Requirements for 'informed' consent require provision of information before the consent is obtained so as to inform the individual. This information is typically provided through a 'notice', which can be specified using the property [=hasConsentNotice=]. Similarly, 'explicit' consent is a specific form of consent where the action of giving consent carries additional obligations of being explicitly performed by the individual. To represent this, the boolean property [=isExplicit=] ir provided.
The specific conditions under which consent can be considered valid, or informed, or explicit as defined under jurisdictional law. The terms provided within the DPV are generic concepts for representing these 'types' of consent. For using specific jurisdictional requirements and use of consent as a legal basis, it is advisable to declare such jurisdictional concepts in a separate extension to the DPV. For specific use of consent as a legal basis defined within GDPR, we provide DPV-GDPR.

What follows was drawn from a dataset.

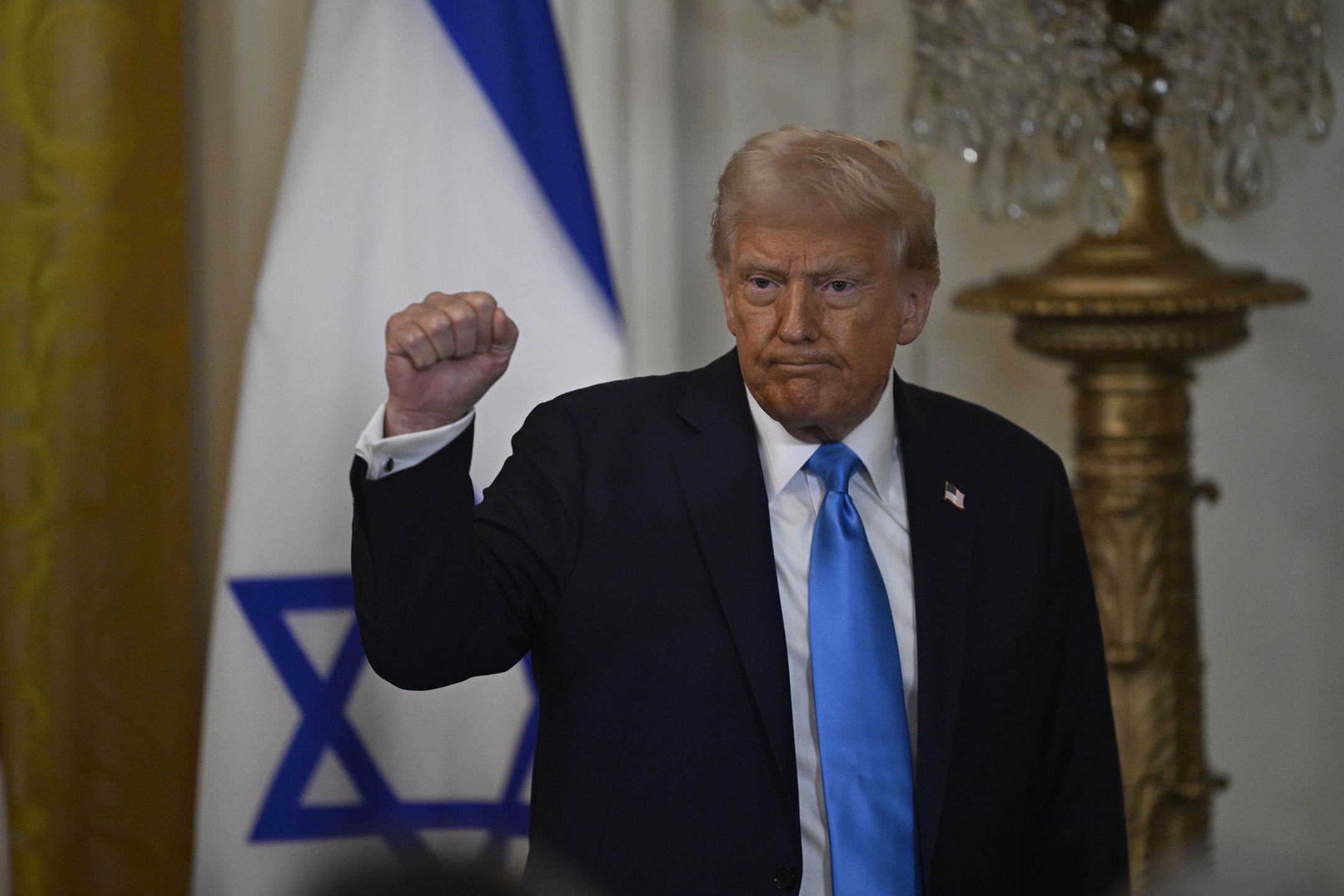 WASHINGTON D.C., UNITED STATES - FEBRUARY 04: United States President Donald Trump and Israeli Prime Minister Benjamin Netanyahu (not seen) hold a joint press conference in the East Room at the White House in Washington, D.C., United States on February 04, 2025. (Photo by Celal Gunes/Anadolu via Getty Images)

To specify consent provided by delegation, such as in the case of a parent or guardian providing consent for a child, the properties [=hasProvisionByJustification=] and [=hasWithdrawalByJustification=] can be used to capture the nature of such ‘delegation’, with the fields [=hasProvisionBy=] and [=hasWithdrawalBy=] representing the legal entity who provided the consent. By default, the consent can be assumed to be provided by the associated Data Subject.